Des applaudissements sincères ont jailli — des artistes reconnaissant d'autres artistes.

Mara se remit rapidement, surfant sur la vague inattendue. « Oui ! La voix du Dragon ! Et bien sûr, avec le coproducteur et responsable de la conception de la bande originale, le talentueux EvanKael — qui donne vie à la musique d'Apex ! »

Les appareils photo crépitaient autour d'Evan, dont le champagne faillit se renverser sous l'effet de l'incrédulité. Il esquissa un salut maladroit, provoquant les rires des invités alentour. Mara enchaîna avec aisance, présentant la scène comme faisant partie de son plan machiavélique, mais une pointe de surprise transparaissait derrière son ton impeccable.

Le sourire de StrikeChaplin, pourtant, se figea. C'était presque imperceptible : un léger rétrécissement derrière le charme, une tension au niveau de la mâchoire que les photographes auraient prise pour de l'intensité. Il applaudit, se tourna même vers JaeMin avec une camaraderie feinte, mais son regard trahissait son calcul. « Mon projecteur », ce regard qui disait tout, volé en plein milieu d'une réplique.

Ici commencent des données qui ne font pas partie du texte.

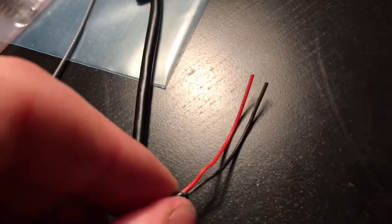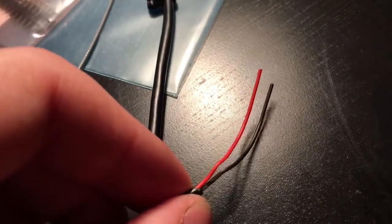I cut the cable and here we have only two wires for power, so there is no connection for the data.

Claire resta calme à ses côtés, une douce chaleur l'envahissant. Elle n'avait pas l'intention de l'humilier, mais seulement de rétablir l'équilibre. En cette soirée où chacun jouait un rôle, la vérité était devenue une chorégraphie. Ce soir-là, elle avait appris à mener la danse.

Alors que tous les regards se tournaient vers l'équipe Apex, Strike avala une gorgée de champagne et se pencha de nouveau vers eux, son charme teinté d'une irritation amusée si caractéristique. « Malin », dit-il doucement. « Tu es plus à l'aise dans la conversation que la plupart des gens sur scène. »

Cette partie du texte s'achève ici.